Light Emitting Diode (LED) lamp and the like can be used as the light source 352 of the ultraviolet irradiating unit 350. [63] The reflecting shade 353 directs ultraviolet rays to a specific portion of the photosensitive layer 221, thereby preventing the ultraviolet rays from being scattered and lost. The reflecting shade 353 can have various shapes such as a sphere, an ellipse, a parabola, a curve and an aspheric shape.

[64] The cold mirror transmits infrared rays but reflects ultraviolet rays. The cold mirror can be used as the reflecting shade 353 to reflect the ultraviolet rays toward the photosensitive layer 221. The hot mirror reflects infrared rays but transmit ultraviolet rays. The hot mirror can be arranged between the light source 352 and the photosensitive layer 221 to improve the efficiency of ultraviolet irradiation.

[65] The removing part removes the residual layer from the photosensitive layer. The residual layer contacted the embossed portions of the patterned roll stamper 321 to have the shape of a thin film. The first removing part can remove the residual layer 221b by, for example, Reactive Ion Etching (RIE), immersion in etchant, or etchant spraying.
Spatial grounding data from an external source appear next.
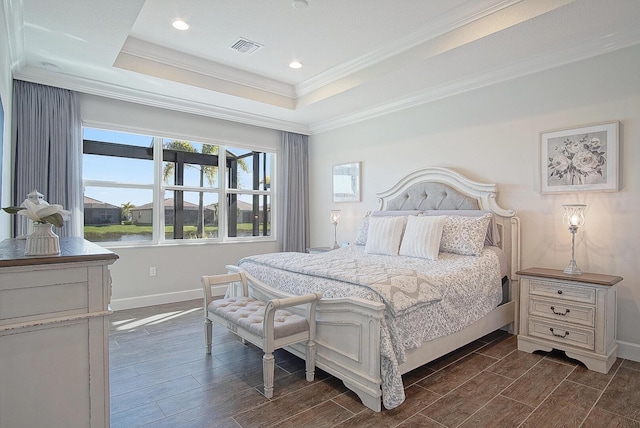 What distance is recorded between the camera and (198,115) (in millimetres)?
5004

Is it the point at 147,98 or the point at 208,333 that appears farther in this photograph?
the point at 147,98

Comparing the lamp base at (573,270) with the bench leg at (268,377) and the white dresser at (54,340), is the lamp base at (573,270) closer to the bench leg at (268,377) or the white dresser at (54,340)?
the bench leg at (268,377)

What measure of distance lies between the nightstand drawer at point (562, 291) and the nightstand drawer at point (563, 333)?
0.22 meters

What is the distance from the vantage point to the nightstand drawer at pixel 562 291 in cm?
272

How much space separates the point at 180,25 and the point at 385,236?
111 inches

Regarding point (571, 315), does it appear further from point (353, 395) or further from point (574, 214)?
point (353, 395)

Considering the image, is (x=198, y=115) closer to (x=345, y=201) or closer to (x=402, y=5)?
(x=345, y=201)

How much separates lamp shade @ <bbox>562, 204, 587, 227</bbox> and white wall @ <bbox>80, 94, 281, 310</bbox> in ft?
13.4

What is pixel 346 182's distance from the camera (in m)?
5.43

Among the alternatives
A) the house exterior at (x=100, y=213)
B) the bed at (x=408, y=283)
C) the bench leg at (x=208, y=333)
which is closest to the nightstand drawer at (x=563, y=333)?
the bed at (x=408, y=283)

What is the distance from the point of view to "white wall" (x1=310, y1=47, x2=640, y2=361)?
292 centimetres

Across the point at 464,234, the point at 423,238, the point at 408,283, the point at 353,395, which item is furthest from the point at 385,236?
the point at 353,395

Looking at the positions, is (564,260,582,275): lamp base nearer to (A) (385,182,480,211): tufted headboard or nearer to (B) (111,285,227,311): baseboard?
(A) (385,182,480,211): tufted headboard

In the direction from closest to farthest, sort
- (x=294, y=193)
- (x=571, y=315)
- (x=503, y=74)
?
(x=571, y=315) < (x=503, y=74) < (x=294, y=193) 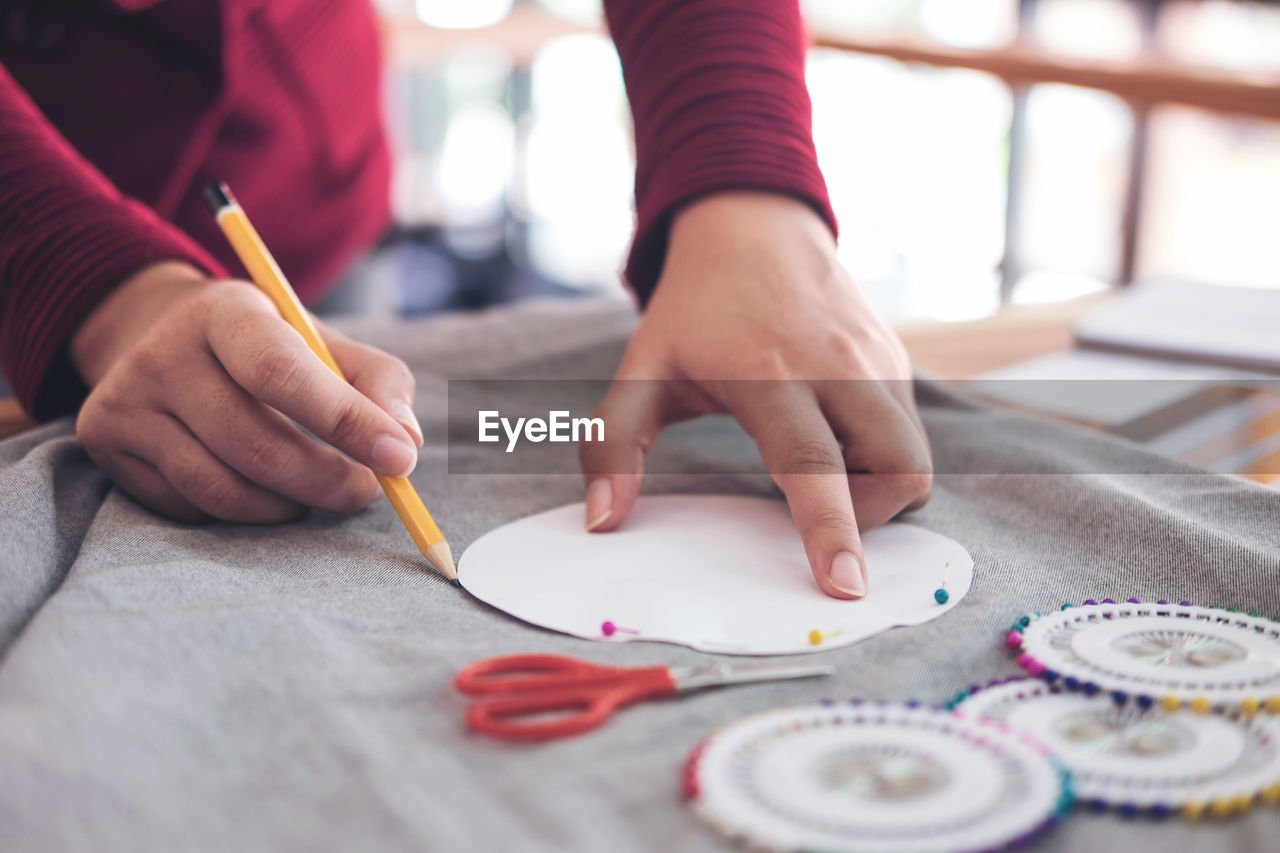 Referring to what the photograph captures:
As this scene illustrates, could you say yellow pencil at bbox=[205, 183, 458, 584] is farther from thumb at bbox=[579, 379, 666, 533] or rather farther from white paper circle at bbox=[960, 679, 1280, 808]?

[66] In this embodiment shown in FIG. 9, the first removing part includes an etching unit 421 for spraying etchant to etch the residual layer 221b, a washing unit 422 for washing off the etchant and a drying unit 423 for performing a drying after the washing.
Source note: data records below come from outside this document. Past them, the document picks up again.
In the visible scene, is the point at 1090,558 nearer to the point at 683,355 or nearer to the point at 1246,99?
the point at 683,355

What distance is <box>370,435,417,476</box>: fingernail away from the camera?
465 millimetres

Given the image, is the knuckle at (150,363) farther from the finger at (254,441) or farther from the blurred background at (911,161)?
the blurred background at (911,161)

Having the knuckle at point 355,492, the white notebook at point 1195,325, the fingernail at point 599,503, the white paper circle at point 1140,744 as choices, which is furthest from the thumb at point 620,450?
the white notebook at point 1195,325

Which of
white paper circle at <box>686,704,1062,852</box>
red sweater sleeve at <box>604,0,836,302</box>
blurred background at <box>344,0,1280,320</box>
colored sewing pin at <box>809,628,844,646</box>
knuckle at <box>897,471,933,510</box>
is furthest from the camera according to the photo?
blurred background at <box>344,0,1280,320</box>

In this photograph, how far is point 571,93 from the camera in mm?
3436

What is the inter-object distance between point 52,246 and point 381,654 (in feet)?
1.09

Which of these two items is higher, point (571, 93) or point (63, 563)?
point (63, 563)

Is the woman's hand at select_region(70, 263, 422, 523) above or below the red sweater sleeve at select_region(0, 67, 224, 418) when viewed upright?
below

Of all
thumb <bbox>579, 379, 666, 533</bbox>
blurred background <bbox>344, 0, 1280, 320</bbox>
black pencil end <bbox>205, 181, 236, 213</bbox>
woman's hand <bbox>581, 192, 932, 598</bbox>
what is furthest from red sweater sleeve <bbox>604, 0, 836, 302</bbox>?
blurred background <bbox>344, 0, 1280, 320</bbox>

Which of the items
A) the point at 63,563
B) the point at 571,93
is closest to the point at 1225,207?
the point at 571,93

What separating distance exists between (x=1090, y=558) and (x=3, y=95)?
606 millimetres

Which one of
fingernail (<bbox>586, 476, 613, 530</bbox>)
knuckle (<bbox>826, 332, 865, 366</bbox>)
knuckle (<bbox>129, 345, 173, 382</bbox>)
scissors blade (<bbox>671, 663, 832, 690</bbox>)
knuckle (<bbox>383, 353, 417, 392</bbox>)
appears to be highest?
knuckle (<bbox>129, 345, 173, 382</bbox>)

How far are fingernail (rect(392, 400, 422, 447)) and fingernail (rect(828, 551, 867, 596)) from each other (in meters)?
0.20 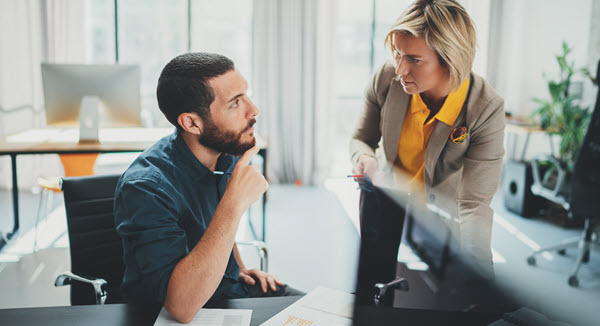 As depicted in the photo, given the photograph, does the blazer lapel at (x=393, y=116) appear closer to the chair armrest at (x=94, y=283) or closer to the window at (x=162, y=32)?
the chair armrest at (x=94, y=283)

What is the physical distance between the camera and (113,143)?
2.97 meters

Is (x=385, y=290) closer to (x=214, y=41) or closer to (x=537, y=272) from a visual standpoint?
(x=537, y=272)

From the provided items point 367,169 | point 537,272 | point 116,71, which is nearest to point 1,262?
point 116,71

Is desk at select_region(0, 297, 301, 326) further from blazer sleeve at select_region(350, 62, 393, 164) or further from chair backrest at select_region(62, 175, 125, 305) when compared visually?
blazer sleeve at select_region(350, 62, 393, 164)

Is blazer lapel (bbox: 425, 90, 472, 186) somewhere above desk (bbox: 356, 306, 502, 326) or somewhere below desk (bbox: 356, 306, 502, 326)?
above

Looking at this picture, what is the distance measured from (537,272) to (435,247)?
1.35 metres

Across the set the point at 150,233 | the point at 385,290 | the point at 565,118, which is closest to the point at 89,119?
the point at 150,233

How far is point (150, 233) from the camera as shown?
1138 millimetres

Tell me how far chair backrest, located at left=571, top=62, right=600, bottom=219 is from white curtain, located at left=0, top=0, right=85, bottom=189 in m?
4.06

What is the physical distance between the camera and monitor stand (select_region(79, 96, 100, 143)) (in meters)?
2.87

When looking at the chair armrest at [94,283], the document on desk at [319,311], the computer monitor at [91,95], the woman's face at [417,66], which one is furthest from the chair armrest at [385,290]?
the computer monitor at [91,95]

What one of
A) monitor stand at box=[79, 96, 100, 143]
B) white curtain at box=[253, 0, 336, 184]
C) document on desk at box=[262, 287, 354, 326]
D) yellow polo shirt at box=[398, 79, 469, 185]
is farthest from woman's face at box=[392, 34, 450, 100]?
white curtain at box=[253, 0, 336, 184]

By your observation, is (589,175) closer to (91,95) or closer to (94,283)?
(94,283)

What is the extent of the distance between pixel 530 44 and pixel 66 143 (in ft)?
14.2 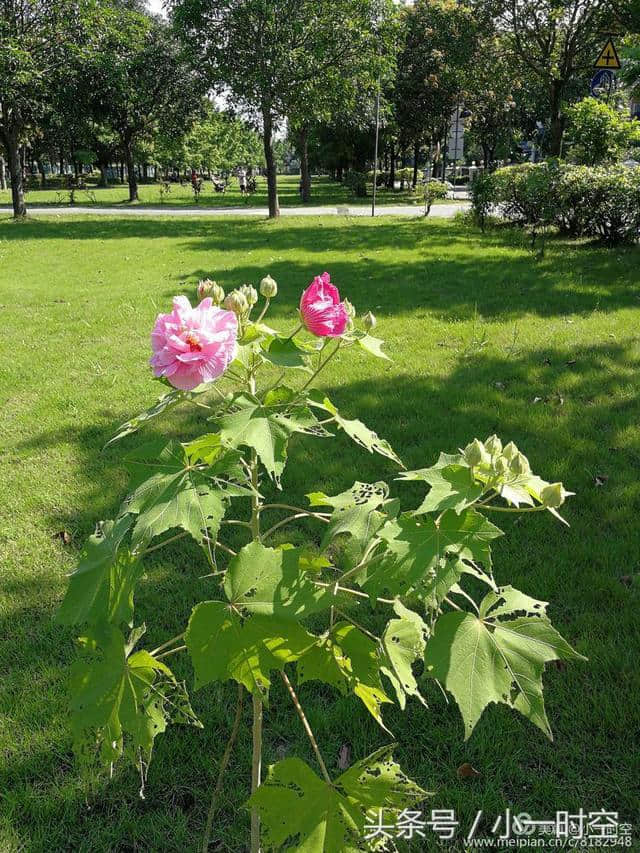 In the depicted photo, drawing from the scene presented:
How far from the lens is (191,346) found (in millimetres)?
1058

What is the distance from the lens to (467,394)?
4.57 m

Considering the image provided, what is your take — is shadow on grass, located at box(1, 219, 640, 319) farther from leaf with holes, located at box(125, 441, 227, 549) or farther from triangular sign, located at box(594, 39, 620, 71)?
leaf with holes, located at box(125, 441, 227, 549)

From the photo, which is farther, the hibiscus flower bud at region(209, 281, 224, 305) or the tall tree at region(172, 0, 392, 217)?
the tall tree at region(172, 0, 392, 217)

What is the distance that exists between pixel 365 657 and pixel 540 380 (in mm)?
3940

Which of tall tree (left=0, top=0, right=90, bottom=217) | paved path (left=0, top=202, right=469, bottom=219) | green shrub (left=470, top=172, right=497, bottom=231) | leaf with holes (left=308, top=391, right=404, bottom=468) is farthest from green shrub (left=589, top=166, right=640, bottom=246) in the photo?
tall tree (left=0, top=0, right=90, bottom=217)

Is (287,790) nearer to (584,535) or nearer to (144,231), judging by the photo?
(584,535)

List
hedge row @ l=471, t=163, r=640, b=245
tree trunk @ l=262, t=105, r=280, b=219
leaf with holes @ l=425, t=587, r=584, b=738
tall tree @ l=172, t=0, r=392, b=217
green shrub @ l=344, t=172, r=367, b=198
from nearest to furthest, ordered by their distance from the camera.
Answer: leaf with holes @ l=425, t=587, r=584, b=738, hedge row @ l=471, t=163, r=640, b=245, tall tree @ l=172, t=0, r=392, b=217, tree trunk @ l=262, t=105, r=280, b=219, green shrub @ l=344, t=172, r=367, b=198

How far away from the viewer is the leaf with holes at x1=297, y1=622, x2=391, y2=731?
1.29m

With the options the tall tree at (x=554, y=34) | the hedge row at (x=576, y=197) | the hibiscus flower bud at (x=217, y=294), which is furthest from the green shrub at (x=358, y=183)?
the hibiscus flower bud at (x=217, y=294)

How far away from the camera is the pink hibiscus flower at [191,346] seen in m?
1.05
[67] The second removing part removes exposed portions of the conductive layer 212 which are exposed after the removal of the residual layer 221b. The second removing part can remove the exposed portions of the conductive layer 212 which are not covered with the photosensitive layer, by various methods such as RIE, immersion in etchant, or etchant spraying.

[68] In this embodiment shown in FIG. 9, the second removing part includes an etching unit 431 for spraying etchant to etch the exposed portions of the conductive layer 212, a washing unit 432 for washing off the etchant and a drying unit 433 for performing a drying after the washing.

[69] The third removing part removes the remaining portions 221a of the photosensitive layer which covers the pattern of the conductive layer 212. The third removing part can remove the remaining portions 221a of the photosensitive layer 221 by, for example, ashing, immersion in etchant or etchant spraying.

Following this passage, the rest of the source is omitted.